I have the following challenge: I have a table called hashtags_users_grouped
which has the following structure:
hashtag_id | user_id | count
123 1 1
245 1 3
123 2 5
In each row, we find values that tell me when a certain user mentioned a certain hashtag and how many times he did it. In this example, user 1 mentioned hashtag 123 one time and 245 three times, while user 2 only mentioned hashtag 123 five times.
I want to do a query that would give me the following output:
user | hashtag_123 | hashtag_245
1 1 3
2 5 0
In other words, the same information as the first table, but with a column per hashtag, to know the number of times a user mentioned each hashtag.
It would be easy to do this using a recursive method (like using a Pyspark data frame and iterating over each hashtag), but I am looking forward to achieving it in a single query. Do you know any way to do this?
EDIT: User #Larnu said I should use PIVOT
. How would you write a query using it? I tried but didn't receive the expected results
CodePudding user response:
Given the column naming you specify and the unknown list of hashtag values, I see you resorting to dynamic SQL.
However, here is a simple PIVOT example based on the data you shared that you may run in SSMS:
DECLARE @hashtags_users_grouped table (
hashtag_id int, [user_id] int, [count] int
);
INSERT INTO @hashtags_users_grouped VALUES
( 123, 1, 1 ), ( 245, 1, 3 ), ( 123, 2, 5 );
SELECT
[user_id],
ISNULL( [123], 0 ) AS hashtag_123,
ISNULL( [245], 0 ) AS hashtag_245
FROM @hashtags_users_grouped AS hug
PIVOT (
MAX ( [count] )
FOR hashtag_id IN ( [123], [245] )
) piv;
RETURNS
--------- ------------- -------------
| user_id | hashtag_123 | hashtag_245 |
--------- ------------- -------------
| 1 | 1 | 3 |
| 2 | 5 | 0 |
--------- ------------- -------------
In a PIVOT
, your column values (e.g. 123, 245 ) get transposed into column headers, hence the FOR hashtag_id IN ( [123], [245] )
part.
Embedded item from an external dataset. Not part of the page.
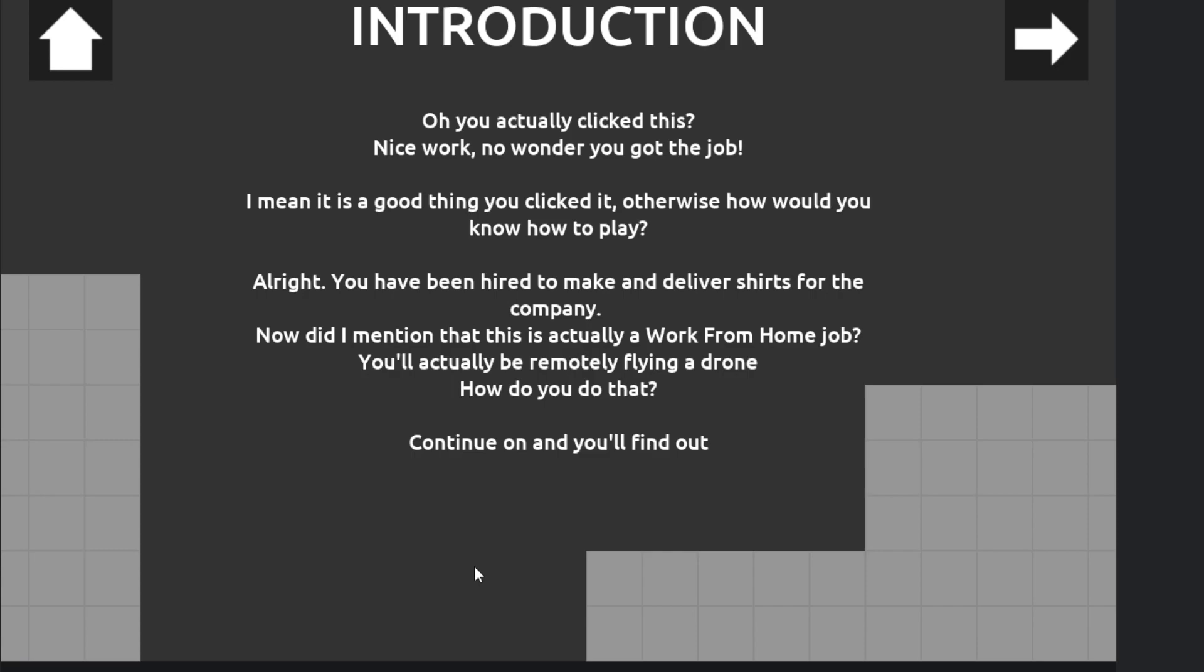Alright, you've been hired to make and deliver shirts for the company. Now did I mention this is actually a work-from-home job? You'll actually be remotely flying a drone. How do you do that? Continue and you'll find out.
To do this without dynamic SQL you would have to list a "FOR [column]" for every possible hashtag_id value. Given the unknown size of this list, it would quickly become unmanageable trying to maintain the above code when a new value is introduced. So, dynamic SQL to the rescue.
Depending on your version of SQL Server, this is how I might approach it using Dynamic SQL:
DECLARE @headers varchar(MAX), @in varchar(MAX), @pivot varchar(MAX);
SELECT
@headers = STRING_AGG ( FORMATMESSAGE( 'ISNULL( [%i], 0 ) AS [hashtag_%i]', hashtag_id, hashtag_id ), ', ' ),
@in = STRING_AGG( FORMATMESSAGE( '[%i]', hashtag_id ), ', ' )
FROM ( SELECT DISTINCT hashtag_id FROM hashtags_users_grouped ) AS x;
SET @pivot = FORMATMESSAGE(
'SELECT [user_id], %s FROM hashtags_users_grouped PIVOT ( MAX( [count] ) FOR hashtag_id IN ( %s ) ) AS piv;'
, @headers
, @in
);
PRINT @headers;
PRINT @in;
PRINT @pivot;
PRINT @headers;
ISNULL( [123], 0 ) AS [hashtag_123], ISNULL( [245], 0 ) AS [hashtag_245]
PRINT @in;
[123], [245]
PRINT @pivot;
SELECT [user_id], ISNULL( [123], 0 ) AS [hashtag_123], ISNULL( [245], 0 ) AS [hashtag_245] FROM hashtags_users_grouped PIVOT ( MAX( [count] ) FOR hashtag_id IN ( [123], [245] ) ) AS piv;
And finally, to execute the dynamic SQL:
EXEC ( @pivot );
Note: The dynamic SQL example does not reference the table variable.